Les fantômes de l’Octroi à Blois
Dans une Europe contemporaine de libre échange, il est difficile d’imaginer que la France était jadis entravée par une multitude de frontières intérieures marquant l’entrée de chaque ville : les octrois. Leur histoire est particulièrement marquante à Blois, où des vestiges des anciens bureaux d’octroi sont encore visibles, témoins d’une époque révolue.
Les octrois, instaurés au Moyen Âge, donnaient à une ville le droit de lever certaines taxes sur les marchandises entrant sur son territoire. Bien que supprimés en 1791 pendant la Révolution Française, ils ont été réinstaurés en 1798 et n’ont officiellement disparu qu’en 1948, malgré un assouplissement dans les années 1930.

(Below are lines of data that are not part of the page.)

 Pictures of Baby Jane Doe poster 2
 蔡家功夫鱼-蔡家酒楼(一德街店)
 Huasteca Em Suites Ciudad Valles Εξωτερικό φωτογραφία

À Blois, des bureaux étaient installés à seize entrées de la ville. Les véhicules transportant des marchandises destinées à la consommation devaient s’arrêter devant l’un de ces bureaux et s’acquitter de droits. Ces droits variaient selon six catégories de produits, allant des boissons aux combustibles, en passant par les comestibles et les matériaux de construction. Le système était extrêmement complexe et détaillé, avec des tarifs distincts selon la nature et la qualité des produits.
C’est sous le mandat d’Eugène Riffault – maire de Blois de 1848 à 1870 – que les limites de la perception de l’octroi ont été redéfinies. Huit des seize bureaux ont été restaurés ou construits à neuf à cette époque.

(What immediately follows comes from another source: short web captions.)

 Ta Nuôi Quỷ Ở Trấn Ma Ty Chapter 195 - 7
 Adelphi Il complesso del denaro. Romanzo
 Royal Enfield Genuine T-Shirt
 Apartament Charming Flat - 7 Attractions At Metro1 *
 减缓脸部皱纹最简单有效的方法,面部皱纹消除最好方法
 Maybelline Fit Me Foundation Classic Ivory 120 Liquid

Certains de ces bureaux d’octroi ont survécu aux transformations urbaines. Les plus remarquables sont ceux situés à l’entrée de l’avenue Gambetta, érigés en petits pavillons dans le style de la Renaissance par l’architecte Jules de La Morandière. Déplacés en 1888, ils sont un hommage à l’attention portée par Eugène Riffault à l’architecture de qualité, même pour les bâtiments les plus modestes.
L’octroi de la route de Saint-Dyé existe encore au 21 quai Henri Chavigny, une simple maison basse qui se fond dans le paysage urbain. D’autres, comme l’octroi de l’avenue de Paris ou celui de la gare des marchandises, ont été modifiés et sont plus difficiles à reconnaître.
Les octrois ont disparu depuis longtemps, mais leur héritage persiste parfois dans le paysage urbain de Blois. Ils rappellent une époque où chaque entrée de ville était une frontière fiscale…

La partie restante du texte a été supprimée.